The following example shows an example of arguments that don't allow data
copying to take place:

.. code-block:: cpp

    // The method and function to be bound:
    class MyClass {
        // ...
        double some_method(const Eigen::Ref<const MatrixXd> &matrix) { /* ... */ }
    };
    float some_function(const Eigen::Ref<const MatrixXf> &big,
                        const Eigen::Ref<const MatrixXf> &small) {
        // ...
    }

    // The associated binding code:
    using namespace pybind11::literals; // for "arg"_a
    py::class_<MyClass>(m, "MyClass")
        // ... other class definitions
        .def("some_method", &MyClass::some_method, py::arg().noconvert());

    m.def("some_function", &some_function,
        "big"_a.noconvert(), // <- Don't allow copying for this arg
        "small"_a            // <- This one can be copied if needed
    );

With the above binding code, attempting to call the the ``some_method(m)``
method on a ``MyClass`` object, or attempting to call ``some_function(m, m2)``
will raise a ``RuntimeError`` rather than making a temporary copy of the array.
It will, however, allow the ``m2`` argument to be copied into a temporary if
necessary.

Note that explicitly specifying ``.noconvert()`` is not required for *mutable*
Eigen references (e.g. ``Eigen::Ref<MatrixXd>`` without ``const`` on the
``MatrixXd``): mutable references will never be called with a temporary copy.

Vectors versus column/row matrices
==================================

Eigen and numpy have fundamentally different notions of a vector.  In Eigen, a
vector is simply a matrix with the number of columns or rows set to 1 at
compile time (for a column vector or row vector, respectively).  NumPy, in
contrast, has comparable 2-dimensional 1xN and Nx1 arrays, but *also* has
1-dimensional arrays of size N.

When passing a 2-dimensional 1xN or Nx1 array to Eigen, the Eigen type must
have matching dimensions: That is, you cannot pass a 2-dimensional Nx1 numpy
array to an Eigen value expecting a row vector, or a 1xN numpy array as a
column vector argument.

On the other hand, pybind11 allows you to pass 1-dimensional arrays of length N
as Eigen parameters.  If the Eigen type can hold a column vector of length N it
will be passed as such a column vector.  If not, but the Eigen type constraints
will accept a row vector, it will be passed as a row vector.  (The column
vector takes precedence when both are supported, for example, when passing a
1D numpy array to a MatrixXd argument).  Note that the type need not be
explicitly a vector: it is permitted to pass a 1D numpy array of size 5 to an
Eigen ``Matrix<double, Dynamic, 5>``: you would end up with a 1x5 Eigen matrix.
Passing the same to an ``Eigen::MatrixXd`` would result in a 5x1 Eigen matrix.

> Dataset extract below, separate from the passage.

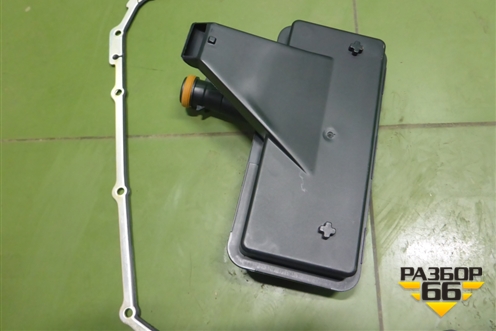 Фильтр КПП (Goodwill) (ATG001) (0B5325429E ATG001) для Audi A4 (В8) с 2007-2015г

When returning an Eigen vector to numpy, the conversion is ambiguous: a row
vector of length 4 could be returned as either a 1D array of length 4, or as a
2D array of size 1x4.  When encountering such a situation, pybind11 compromises
by considering the returned Eigen type: if it is a compile-time vector--that
is, the type has either the number of rows or columns set to 1 at compile
time--pybind11 converts to a 1D numpy array when returning the value.  For
instances that are a vector only at run-time (e.g. ``MatrixXd``,
``Matrix<float, Dynamic, 4>``), pybind11 returns the vector as a 2D array to
numpy.  If this isn't want you want, you can use ``array.reshape(...)`` to get
a view of the same data in the desired dimensions.

.. seealso::

    The file :file:`tests/test_eigen.cpp` contains a complete example that
    shows how to pass Eigen sparse and dense data types in more detail.